[Start of section]
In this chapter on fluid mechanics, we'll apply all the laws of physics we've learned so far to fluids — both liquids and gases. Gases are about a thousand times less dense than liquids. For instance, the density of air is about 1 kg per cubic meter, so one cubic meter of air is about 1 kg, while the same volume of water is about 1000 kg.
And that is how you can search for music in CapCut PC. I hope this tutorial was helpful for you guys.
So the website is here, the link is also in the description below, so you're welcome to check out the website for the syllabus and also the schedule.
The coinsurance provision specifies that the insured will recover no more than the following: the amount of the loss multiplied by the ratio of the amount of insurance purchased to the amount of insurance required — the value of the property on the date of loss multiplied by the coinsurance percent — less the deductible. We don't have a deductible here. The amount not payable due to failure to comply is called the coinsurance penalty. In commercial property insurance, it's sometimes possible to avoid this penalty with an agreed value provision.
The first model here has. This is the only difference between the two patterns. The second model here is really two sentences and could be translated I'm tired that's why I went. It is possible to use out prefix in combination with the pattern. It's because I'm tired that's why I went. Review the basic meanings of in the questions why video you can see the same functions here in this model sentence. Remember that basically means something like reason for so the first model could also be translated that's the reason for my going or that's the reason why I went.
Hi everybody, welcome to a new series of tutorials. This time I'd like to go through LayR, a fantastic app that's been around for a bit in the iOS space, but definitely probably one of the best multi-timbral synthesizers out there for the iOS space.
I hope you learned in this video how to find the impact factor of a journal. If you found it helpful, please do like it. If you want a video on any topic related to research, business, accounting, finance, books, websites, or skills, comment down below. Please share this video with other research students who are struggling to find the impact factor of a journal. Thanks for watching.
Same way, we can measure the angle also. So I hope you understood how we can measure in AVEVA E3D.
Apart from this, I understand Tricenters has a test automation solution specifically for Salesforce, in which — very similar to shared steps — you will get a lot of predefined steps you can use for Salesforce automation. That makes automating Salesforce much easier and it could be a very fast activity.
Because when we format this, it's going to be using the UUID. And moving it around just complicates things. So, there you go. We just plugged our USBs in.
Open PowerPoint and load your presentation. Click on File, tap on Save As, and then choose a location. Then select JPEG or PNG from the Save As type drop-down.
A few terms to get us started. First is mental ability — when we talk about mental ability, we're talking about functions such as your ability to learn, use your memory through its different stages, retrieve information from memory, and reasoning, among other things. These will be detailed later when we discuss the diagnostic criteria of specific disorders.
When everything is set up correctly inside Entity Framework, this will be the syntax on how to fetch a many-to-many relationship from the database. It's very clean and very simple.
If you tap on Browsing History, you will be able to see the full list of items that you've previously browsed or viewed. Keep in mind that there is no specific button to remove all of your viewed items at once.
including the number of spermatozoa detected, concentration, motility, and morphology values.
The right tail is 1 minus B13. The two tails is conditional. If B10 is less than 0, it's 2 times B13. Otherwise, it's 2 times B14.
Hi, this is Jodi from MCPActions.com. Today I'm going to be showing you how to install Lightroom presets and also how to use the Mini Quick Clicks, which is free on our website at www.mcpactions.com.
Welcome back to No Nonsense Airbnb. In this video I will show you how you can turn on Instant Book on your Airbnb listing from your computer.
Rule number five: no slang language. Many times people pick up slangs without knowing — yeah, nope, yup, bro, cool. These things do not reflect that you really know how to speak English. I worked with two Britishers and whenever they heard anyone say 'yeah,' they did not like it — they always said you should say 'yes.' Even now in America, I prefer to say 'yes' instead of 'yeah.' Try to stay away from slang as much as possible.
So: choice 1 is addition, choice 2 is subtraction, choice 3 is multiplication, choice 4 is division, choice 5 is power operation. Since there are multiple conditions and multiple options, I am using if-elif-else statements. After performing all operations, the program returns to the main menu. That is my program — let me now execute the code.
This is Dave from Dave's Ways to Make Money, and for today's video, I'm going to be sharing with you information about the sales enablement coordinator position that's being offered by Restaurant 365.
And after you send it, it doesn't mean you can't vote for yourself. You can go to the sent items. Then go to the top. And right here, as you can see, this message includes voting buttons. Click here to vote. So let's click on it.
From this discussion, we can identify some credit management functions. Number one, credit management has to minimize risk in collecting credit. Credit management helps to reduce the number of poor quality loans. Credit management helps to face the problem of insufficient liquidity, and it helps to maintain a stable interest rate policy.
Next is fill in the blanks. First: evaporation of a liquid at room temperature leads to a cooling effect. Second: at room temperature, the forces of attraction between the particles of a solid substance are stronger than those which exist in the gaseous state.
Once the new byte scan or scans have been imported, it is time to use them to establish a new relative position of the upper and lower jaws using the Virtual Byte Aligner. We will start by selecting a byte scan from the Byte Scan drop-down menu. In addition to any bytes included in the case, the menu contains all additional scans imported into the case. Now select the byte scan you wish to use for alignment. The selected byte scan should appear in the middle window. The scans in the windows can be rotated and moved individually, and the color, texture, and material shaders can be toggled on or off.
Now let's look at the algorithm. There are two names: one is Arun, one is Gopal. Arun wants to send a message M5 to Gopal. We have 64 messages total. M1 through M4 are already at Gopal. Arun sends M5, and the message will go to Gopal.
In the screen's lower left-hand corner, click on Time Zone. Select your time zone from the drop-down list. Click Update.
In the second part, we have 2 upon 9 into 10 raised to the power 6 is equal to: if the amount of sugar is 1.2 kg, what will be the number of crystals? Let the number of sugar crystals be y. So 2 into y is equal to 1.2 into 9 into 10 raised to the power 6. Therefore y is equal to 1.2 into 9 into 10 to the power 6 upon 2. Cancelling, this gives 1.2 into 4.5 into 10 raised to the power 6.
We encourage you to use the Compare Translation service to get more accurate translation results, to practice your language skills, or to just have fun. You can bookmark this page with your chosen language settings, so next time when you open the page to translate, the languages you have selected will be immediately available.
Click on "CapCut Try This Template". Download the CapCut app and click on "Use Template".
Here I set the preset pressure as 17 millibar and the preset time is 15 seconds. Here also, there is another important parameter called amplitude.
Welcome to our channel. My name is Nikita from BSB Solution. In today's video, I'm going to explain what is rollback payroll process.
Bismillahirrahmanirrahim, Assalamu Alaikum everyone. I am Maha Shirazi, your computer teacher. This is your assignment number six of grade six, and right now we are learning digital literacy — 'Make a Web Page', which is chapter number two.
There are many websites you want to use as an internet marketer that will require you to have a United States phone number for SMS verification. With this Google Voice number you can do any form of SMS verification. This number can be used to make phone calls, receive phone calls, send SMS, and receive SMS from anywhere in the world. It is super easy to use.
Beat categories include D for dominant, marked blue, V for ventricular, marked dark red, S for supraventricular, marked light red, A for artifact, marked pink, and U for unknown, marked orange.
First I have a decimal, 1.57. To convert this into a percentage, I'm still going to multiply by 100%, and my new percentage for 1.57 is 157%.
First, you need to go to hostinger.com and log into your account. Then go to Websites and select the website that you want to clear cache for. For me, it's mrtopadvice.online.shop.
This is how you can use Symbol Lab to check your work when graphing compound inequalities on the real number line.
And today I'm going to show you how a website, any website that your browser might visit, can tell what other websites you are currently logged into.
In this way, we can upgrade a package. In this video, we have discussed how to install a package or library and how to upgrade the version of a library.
[End of section]
## TASK REQUIREMENTS
Repeat exactly the lines of the listing above, from the one with "This is how" down to the one with "And today I'm"; both of those lines belong in the range.

## TASK OUTPUT
This is how you can use Symbol Lab to check your work when graphing compound inequalities on the real number line.
And today I'm going to show you how a website, any website that your browser might visit, can tell what other websites you are currently logged into.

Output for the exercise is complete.